PROVIDED MATERIAL —
- Opening Delimiter -

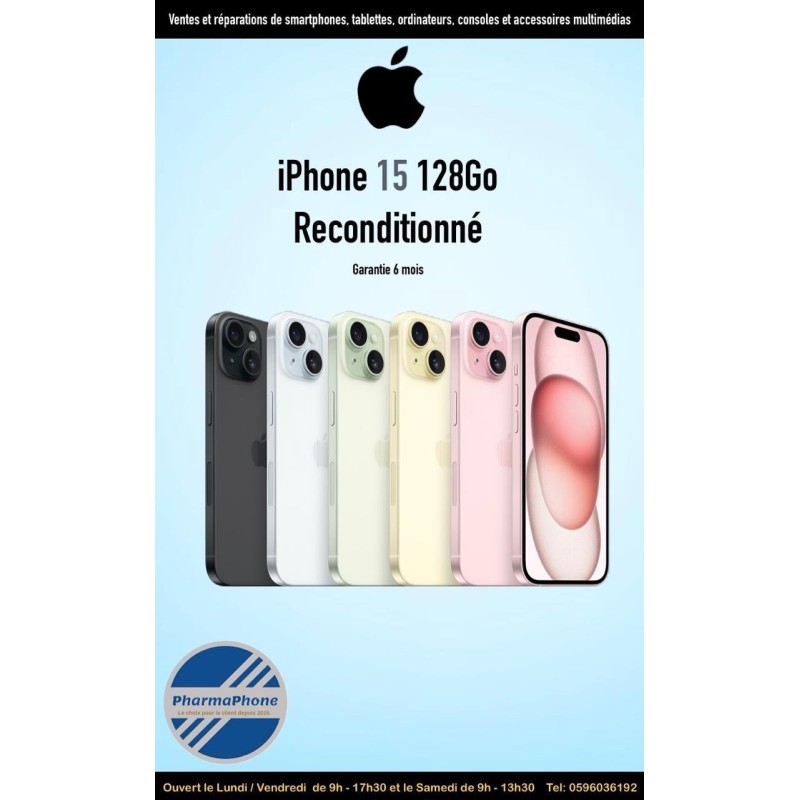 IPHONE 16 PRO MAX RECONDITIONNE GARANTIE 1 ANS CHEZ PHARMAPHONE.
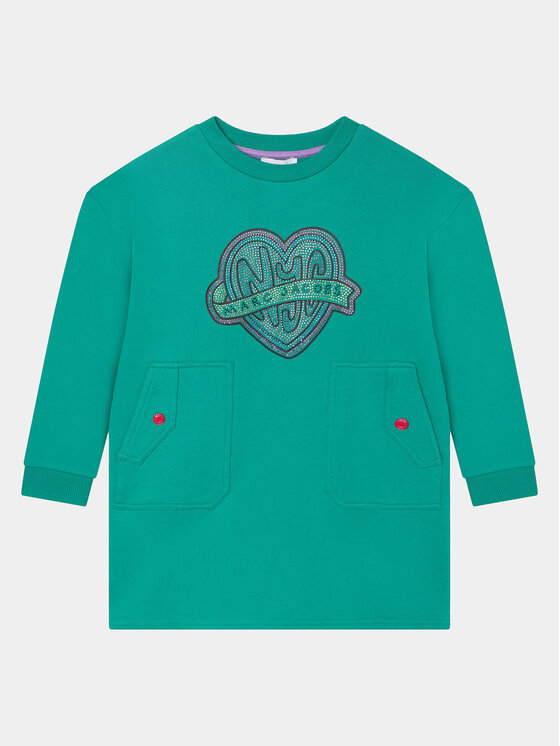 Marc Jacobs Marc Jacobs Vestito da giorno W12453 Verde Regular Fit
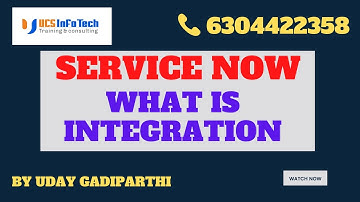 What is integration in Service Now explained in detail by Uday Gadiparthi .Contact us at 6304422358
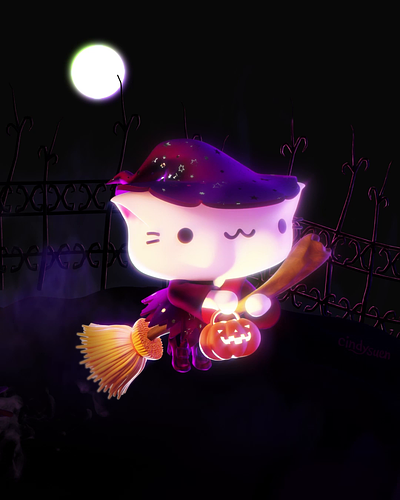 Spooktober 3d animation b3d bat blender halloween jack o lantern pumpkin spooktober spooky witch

- Closing Delimiter -

TASK DIRECTIONS —
Please set down exactly the lines from the first line of the data above through the line with "What is integration", both included, leaving out the pictures.

RESULT BELOW —
 IPHONE 16 PRO MAX RECONDITIONNE GARANTIE 1 ANS CHEZ PHARMAPHONE.
 Marc Jacobs Marc Jacobs Vestito da giorno W12453 Verde Regular Fit
 What is integration in Service Now explained in detail by Uday Gadiparthi .Contact us at 6304422358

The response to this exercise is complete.